Virus reveals elderly as victims of a ‘throw away culture,’ Vatican official says

With the elderly representing the largest demographic cohort of lives claimed by the coronavirus, the Vatican’s top official on life issues has warned against selective care practices that prioritize young patients.

Archbishop Vincenzo Paglia, President of the Pontifical Academy for Life, in an interview with Crux noted that with many hospitals facing shortages of essential equipment such as ventilators at times give preference to patients with better perceived odds of survival, which generally disadvantages the elderly.

“This is the ‘throwaway culture’ in action, forcefully condemned by Pope Francis. [It’s] ‘justified’ by the lack of medical instruments, in turn due to healthcare policy choices that cut costs,” Paglia said, calling the decision to base healthcare and educational funding on cost-saving measures “wrong and misleading.”

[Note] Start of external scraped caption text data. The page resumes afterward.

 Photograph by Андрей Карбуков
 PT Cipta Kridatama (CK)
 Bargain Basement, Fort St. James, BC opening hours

He also noted this is happening at the same time courts in Italy, which still leads the world in deaths due to the virus, are debating a possible liberalization of the country’s euthanasia law.

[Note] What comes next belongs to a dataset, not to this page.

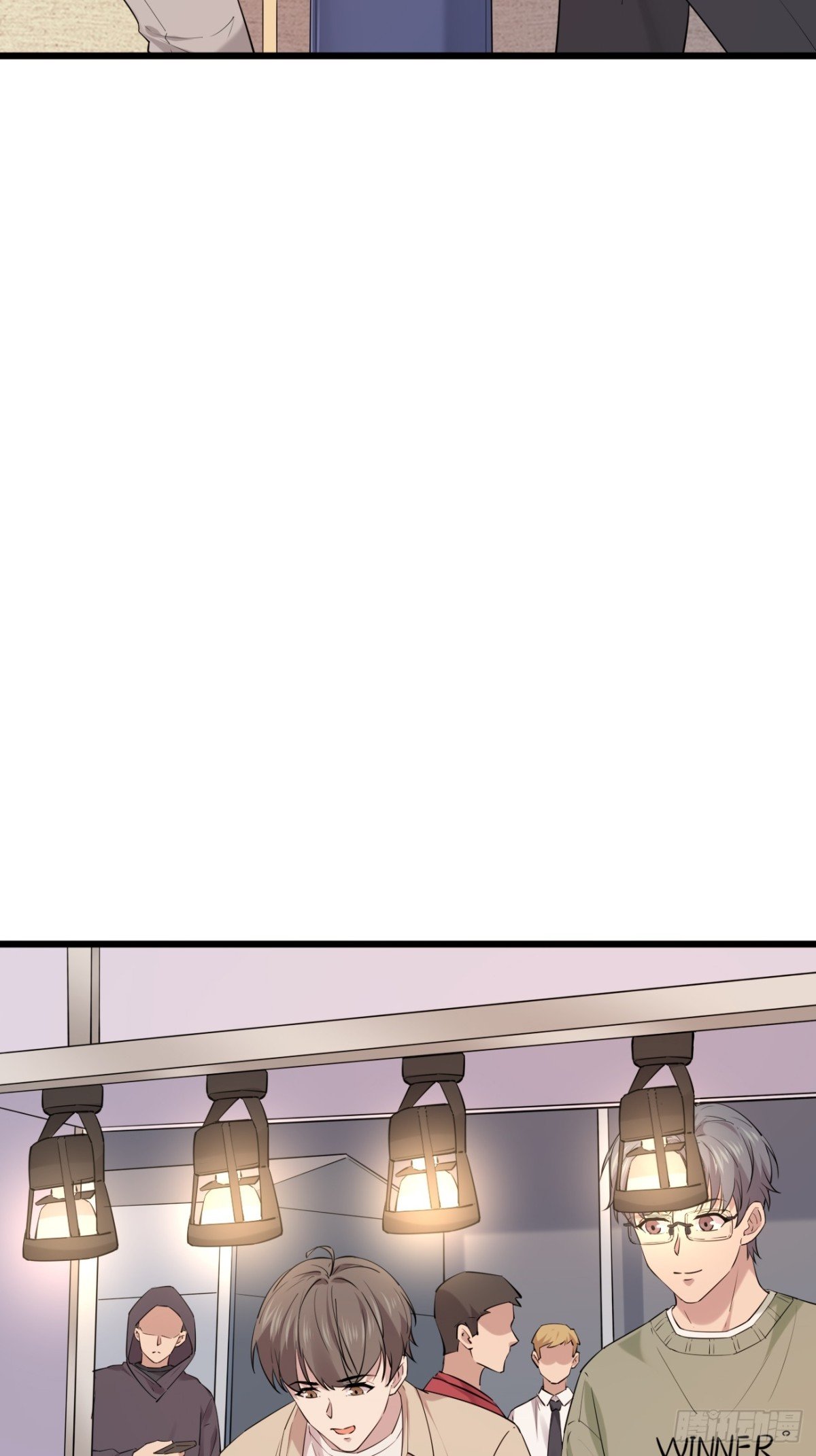 45.第45话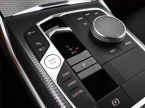 BMW Řada 3 - fotka číslo 10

Euthanasia itself is not permitted in Italian law, but in 2017 lawmakers passed a bill allowing adults, together with their doctors, to determine their own end-of-life care, including the terms under which they are able to refuse treatment. The law also allows citizens to write living wills and to refuse medical treatment, artificial nutrition and hydration.

In September 2019, courts ruled it is not always a crime to assist someone in “intolerable pain” to kill themselves. The case involved music producer FabianoAntoniani, who became tetraplegic and blind after a 2014 car accident and three years later was driven by a member of Italy’s Radical Party to Switzerland, where he underwent assisted suicide.

“It is delusional to place age as the only and decisive criterion for care, for salvation or condemnation, which, obviously, relegates the elderly to being too many. Can the weak and elderly be ‘discarded?’

The lack of medical instruments forces choices and do younger people and those with greater hope of recovery receive assistance first? This is the “throwaway culture” in action, forcefully condemned by Pope Francis. It’s “justified” by the lack of medical instruments, in turn due to healthcare policy choices that cut costs.